START EXCERPTED RECORDS

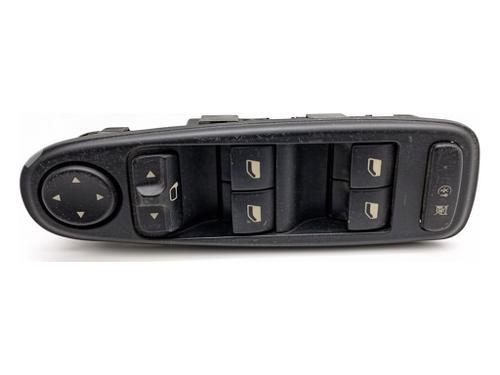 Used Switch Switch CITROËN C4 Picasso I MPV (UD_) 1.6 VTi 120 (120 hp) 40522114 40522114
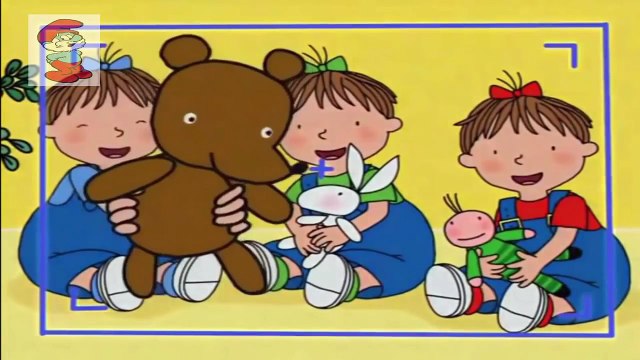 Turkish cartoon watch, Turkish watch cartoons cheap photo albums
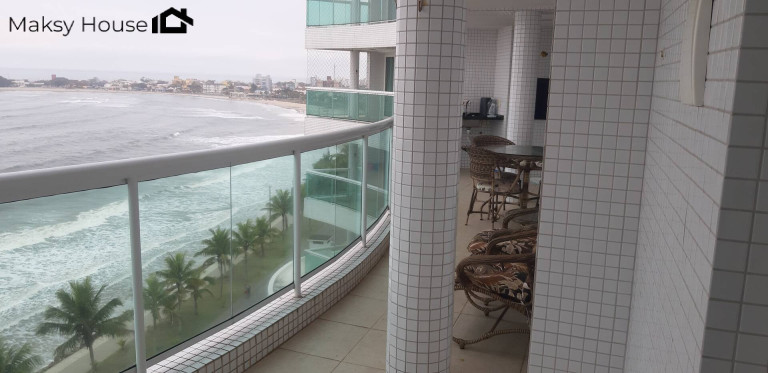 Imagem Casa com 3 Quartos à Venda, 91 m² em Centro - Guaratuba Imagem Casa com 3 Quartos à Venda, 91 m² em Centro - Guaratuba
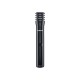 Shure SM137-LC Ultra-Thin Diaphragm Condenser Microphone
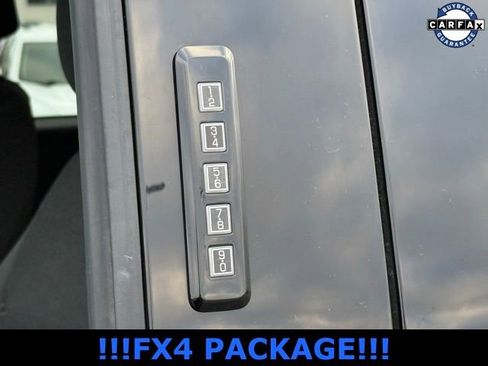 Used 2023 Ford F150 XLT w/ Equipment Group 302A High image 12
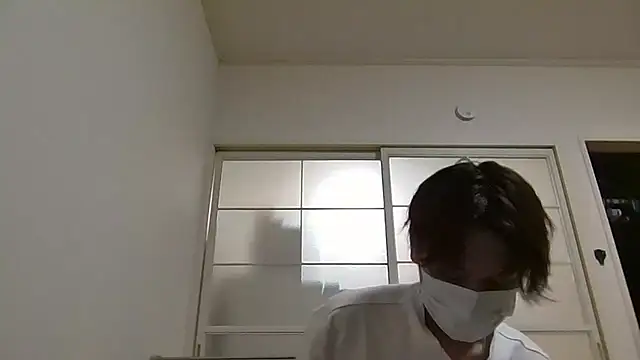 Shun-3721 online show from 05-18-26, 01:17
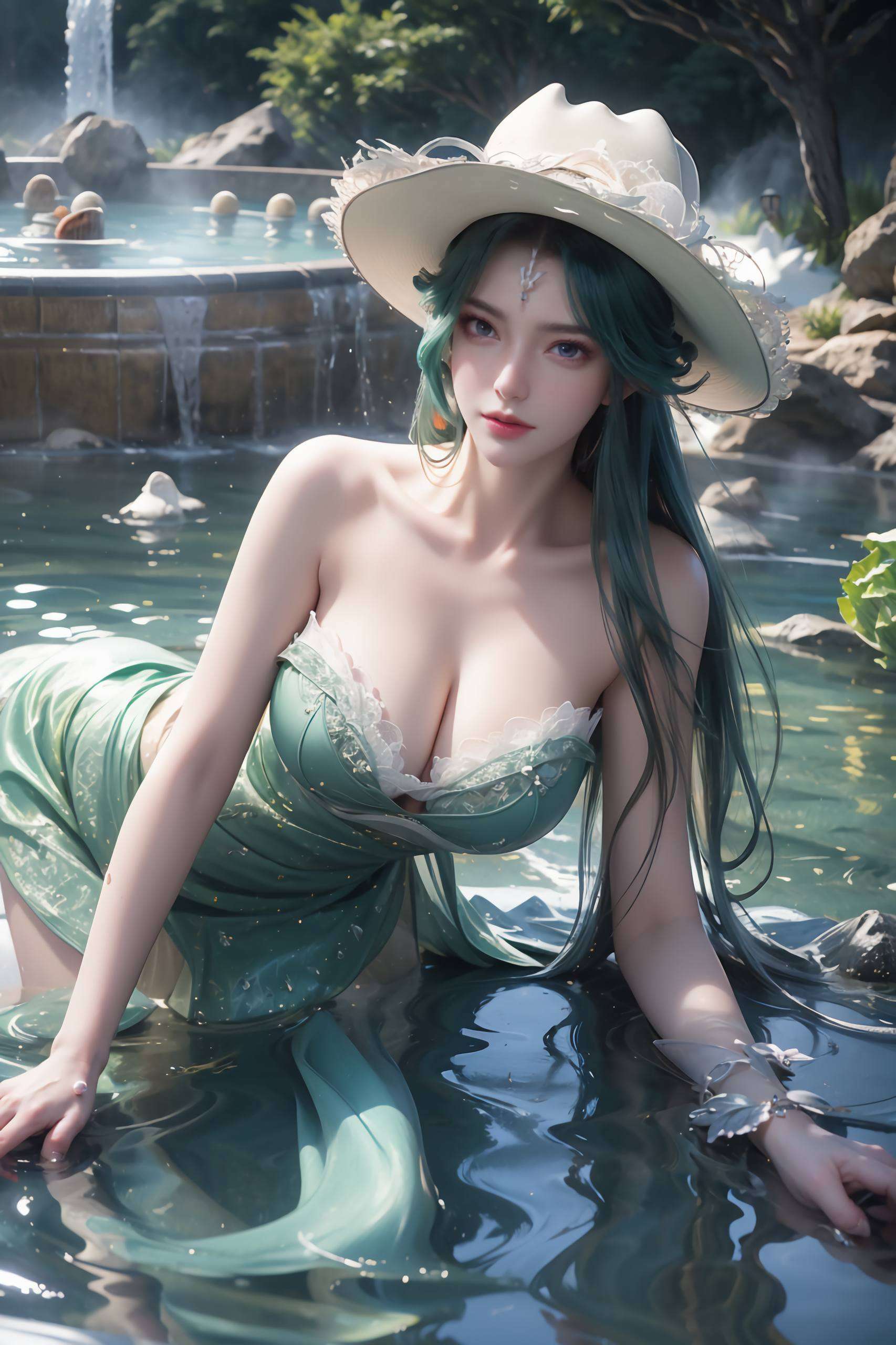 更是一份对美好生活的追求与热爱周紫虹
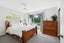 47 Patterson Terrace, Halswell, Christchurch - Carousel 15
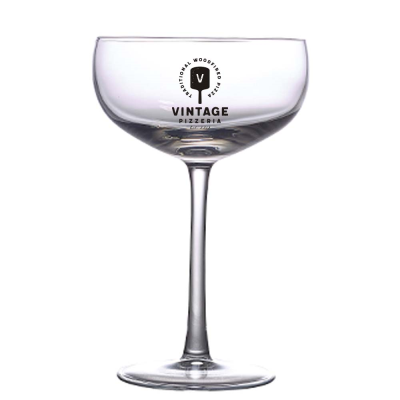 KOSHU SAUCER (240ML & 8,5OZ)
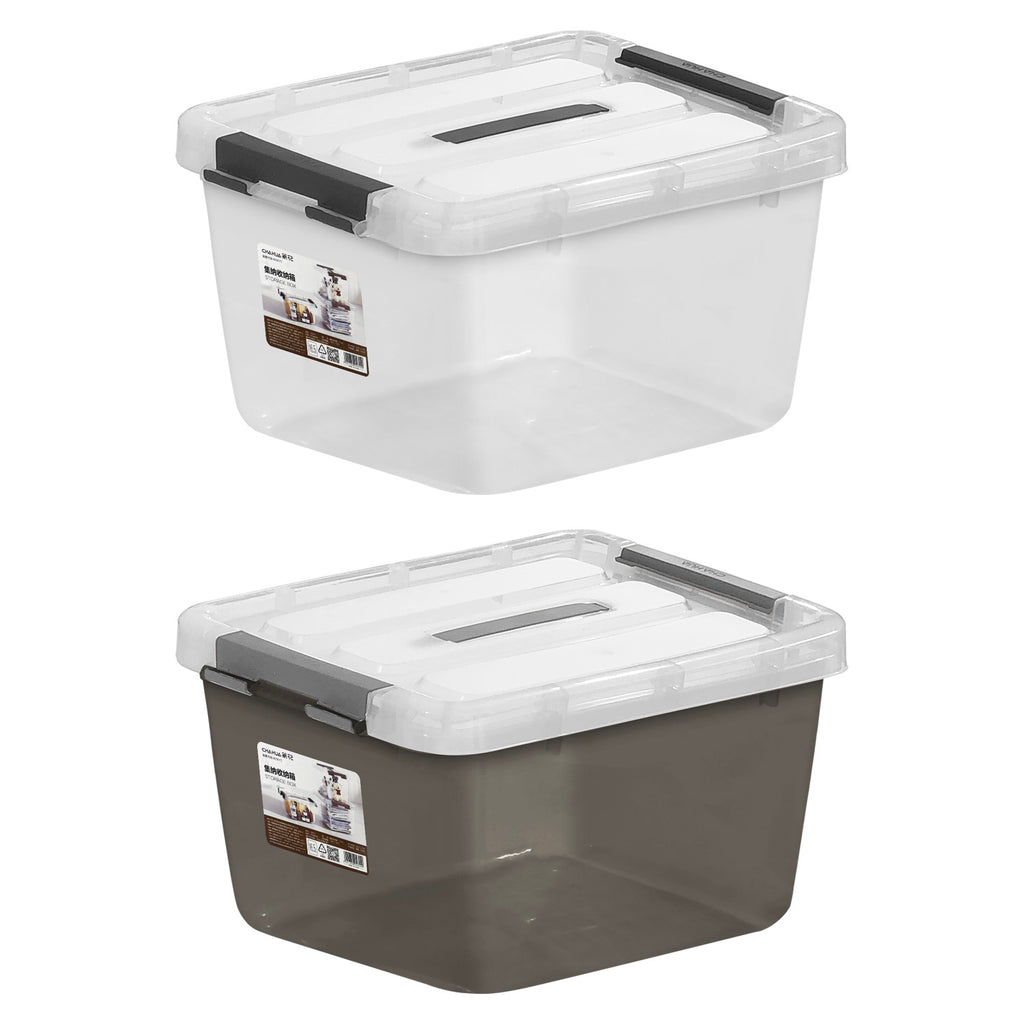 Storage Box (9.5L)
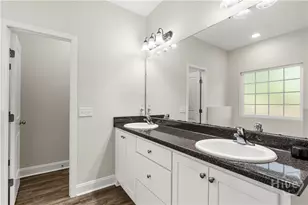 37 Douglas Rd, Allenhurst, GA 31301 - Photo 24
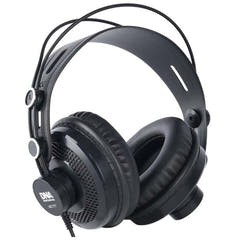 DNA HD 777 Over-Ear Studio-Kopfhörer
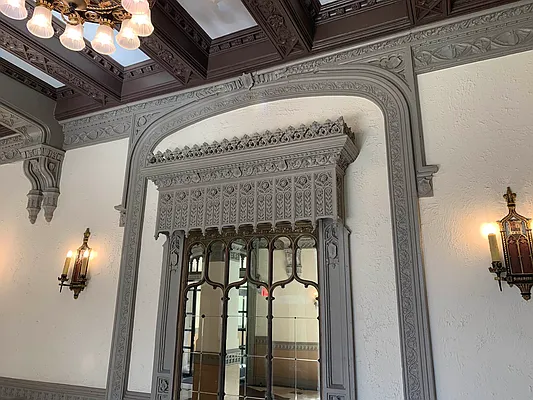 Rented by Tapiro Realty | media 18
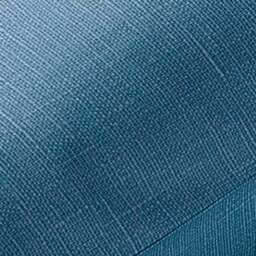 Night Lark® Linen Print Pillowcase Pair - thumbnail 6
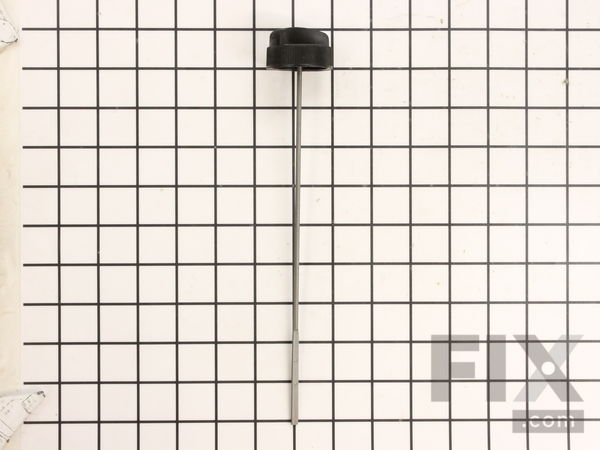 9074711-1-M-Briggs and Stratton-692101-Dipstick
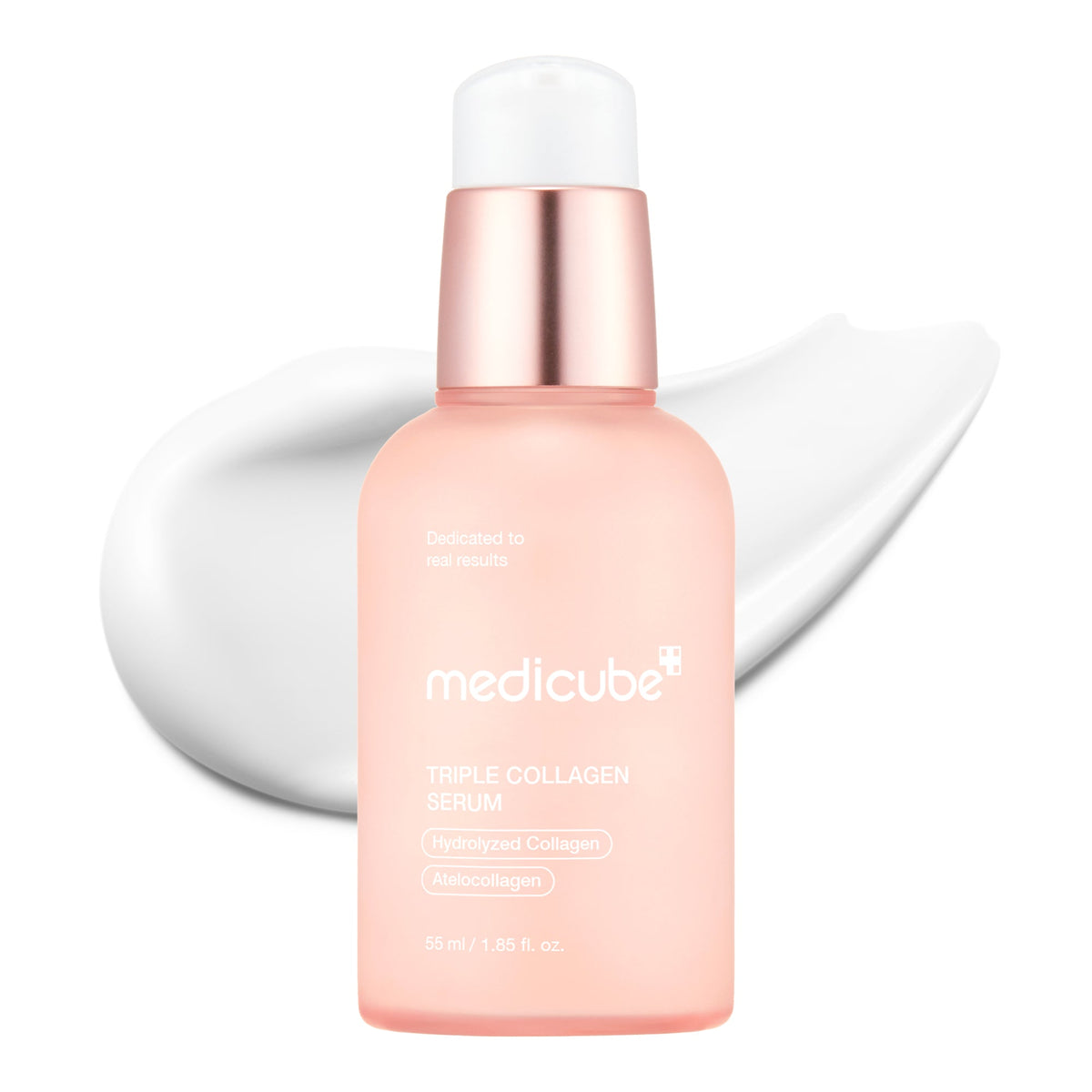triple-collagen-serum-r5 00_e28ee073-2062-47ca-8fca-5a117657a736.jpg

END EXCERPTED RECORDS

With the pictures excluded, retype the records above verbatim.

_RESPONSE:_
 Used Switch Switch CITROËN C4 Picasso I MPV (UD_) 1.6 VTi 120 (120 hp) 40522114 40522114
 Turkish cartoon watch, Turkish watch cartoons cheap photo albums
 Imagem Casa com 3 Quartos à Venda, 91 m² em Centro - Guaratuba Imagem Casa com 3 Quartos à Venda, 91 m² em Centro - Guaratuba
 Shure SM137-LC Ultra-Thin Diaphragm Condenser Microphone
 Used 2023 Ford F150 XLT w/ Equipment Group 302A High image 12
 Shun-3721 online show from 05-18-26, 01:17
 更是一份对美好生活的追求与热爱周紫虹
 47 Patterson Terrace, Halswell, Christchurch - Carousel 15
 KOSHU SAUCER (240ML & 8,5OZ)
 Storage Box (9.5L)
 37 Douglas Rd, Allenhurst, GA 31301 - Photo 24
 DNA HD 777 Over-Ear Studio-Kopfhörer
 Rented by Tapiro Realty | media 18
 Night Lark® Linen Print Pillowcase Pair - thumbnail 6
 9074711-1-M-Briggs and Stratton-692101-Dipstick
triple-collagen-serum-r5 00_e28ee073-2062-47ca-8fca-5a117657a736.jpg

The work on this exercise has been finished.